School NewsSep 1, 2025
— updated Sep 1, 2025
All Four One
How an innovative model contributes to the holistic student experience at MHS
By Amy Goldwasser
While other schools have multiple deans, Miss Hall’s has designed a next-generation model for these four positions — Deans of Teaching & Learning, of Student Life, of and of Wellness — where they continually overlap and inform each other to better serve students through the complexity and individuality of today’s challenges. The highly collective, intricately connected power of the four deans is in recognizing and honoring the whole student. There is no classroom learning without also gaining knowledge in self-care and sleep, in cultural understanding and community, in showing up and cooling down, in the Dining Room and the photography studio, the family discussion and the friend group.

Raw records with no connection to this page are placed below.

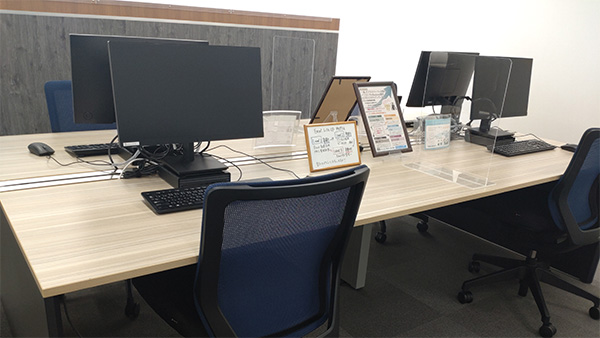 横浜教室の教室画像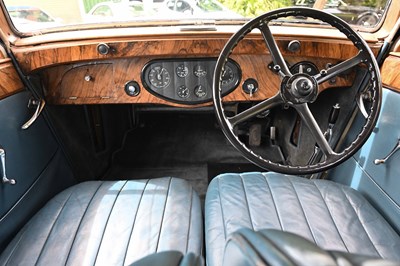 Lot 1933 Rolls-Royce 20/25 Sports Saloon by Thrupp & Maberly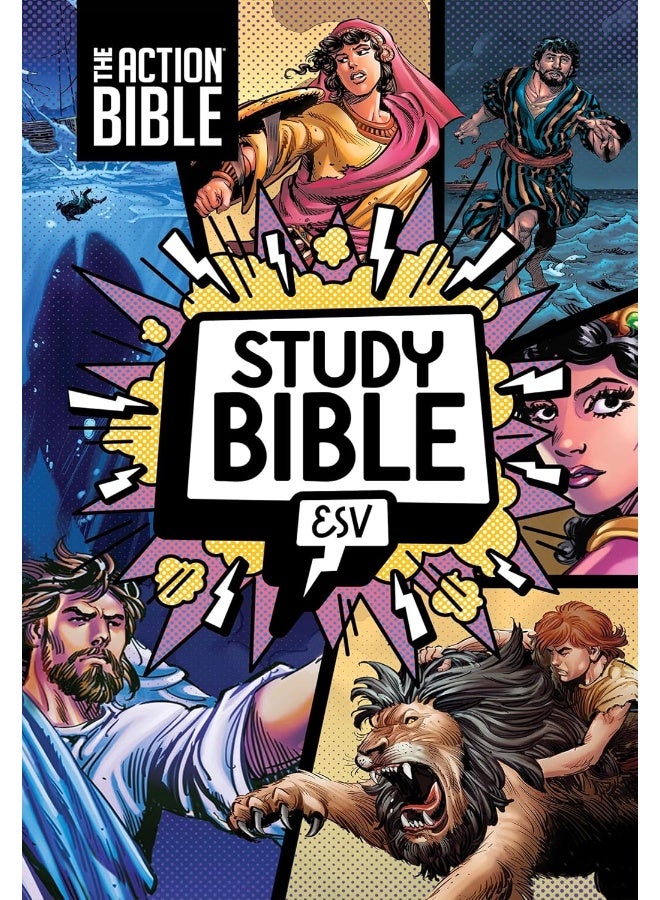 كتاب دراسة الكتاب المقدس العملي ESV، غلاف صلب، ملون بالكامل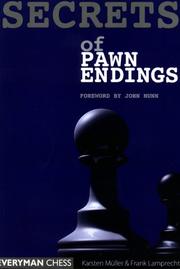 Cover of: Secrets of Pawn Endings | Karsten Muller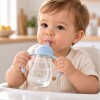 Vaso anticolico soribito BUBA transparent celeste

“Because this is a high school, no situation is simple,” says Head of School Julia Heaton. “When I witness the deans in flow, they’re able to look at a situation from a holistic point of view. They can see this student as having a particular experience based on every aspect of who they are and how they’re engaging with a course or peer or challenge.”
To fully understand students and support them where they are in real time, the deans meet daily, serve on each other’s committees, and share a deep commitment to exploring and advancing all the ways their specific areas of expertise come together for the students. What will help them thrive? Let’s make sure their advisor touches base this afternoon. Are the parents looped in? How do they process written versus oral learning styles? How do we show them their potential for leadership? How do we support them when they hear tough news? Who do they trust most? Where do they find quiet? When are practices? When are schedules conflicting or overwhelming? Let’s call a team meeting of every adult who works with this student.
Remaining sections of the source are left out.